The events of the Second World War proved to be a turning point for the American’s expanded political participation. The confrontation of the Mexican Americans by exposing the individuals who were serving in the social climates and armed services where they were considered to be equal. The industrialization revolution attracted many Mexican Americans into urban areas in search of employment and good standard of living. After the war, many political groups and organizations emerged in order to challenge segregation and other types of isolation practices in the American life.
By 1960, many organizations were calling for the social change within the education systems in order to accommodate both the Mexican and the Americans. Most immigrants groups in America to a greater extent had attempted to maintain their different cultural ways. The Mexican Americans did not fit to these patterns of cultures in United States territories because of their historical experience. They history has always bee consistent through out the ages (Ellis, pp.24). The intermarriages in United States encouraged the maintain ace of the Spanish. The size and the distribution of the ethnic groups in united stated played a significant role for the persistence of the traditional patterns of cultures.
Similarities between the push factors of the Dominican and Nicaraguan migrations to the U.S
The United States and the Mexican migration represent the largest sustained migratory movement between two nations in the world. Migration has remained a significant issue across many nations in Latin America. Previously little was known about the Mexican immigrants to the United States territories. The similarities between the push factors of the Dominican and Nicaraguan migrations to the U.S and those of the Mexican are that they both migrated to United States in search of employment and land for settlement. Both of these two groups aimed at building their own territory in the United States territory because they were previously isolated in the social, political and economic sectors.
The two groups had similar ways in which they expected to reshape their cultures after they reached their expected destination. The research indicates the immigrant’s occupational outcomes and attitudes changed as well as those of the Native American after their interaction (DeWind, 23). The political and socioeconomic structures of the two groups affected the level of decision making and determined the composition of the migratory flow around the world in the future. In conclusion, the impacts of the two immigrants groups in United States affected the culture and sociopolitical culture experienced in United States.

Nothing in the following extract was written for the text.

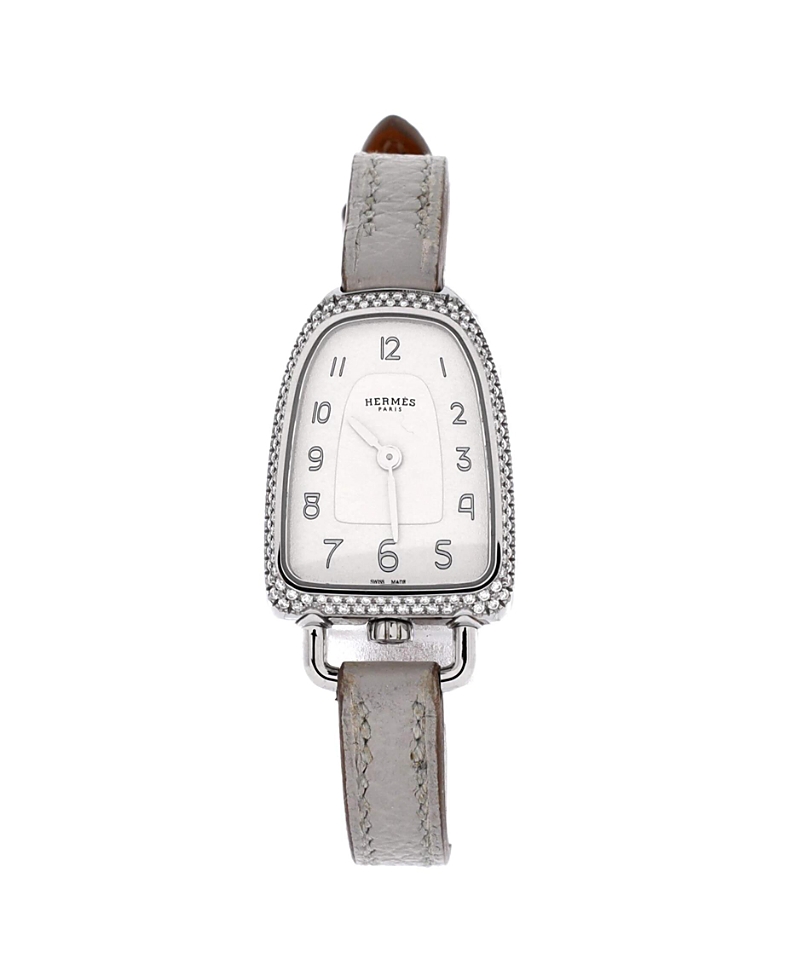 Pre-Owned HERMES Galop d'Hermes Quartz Watch in Stainless Steel and Leather with Diamond Bezel 21mm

DeWind, Josh, and Jennifer Holdaway. Migration and Development Within and Across Borders: Research and Policy Perspectives on Internal and International Migration. Geneva, Switzerland: International Organization for Migration, 2008. Print.
Durald, J. Migration in the Americas: Mexico and Latin America in Comparative Context.2011. Retrieved from: http://www.ncbi.nlm.nih.gov/pmc/articles/PMC2929846/.
Ellis, A. Causes and Aftermaths of the Economic, Political and Cultural Migration in the Area of the Caribbean and Central America During the Xxth Century. Paris: Publibook, 2007. Print.
Garcia, Bedolla L. Latino Politics. Cambridge, UK: Polity, 2009. Print.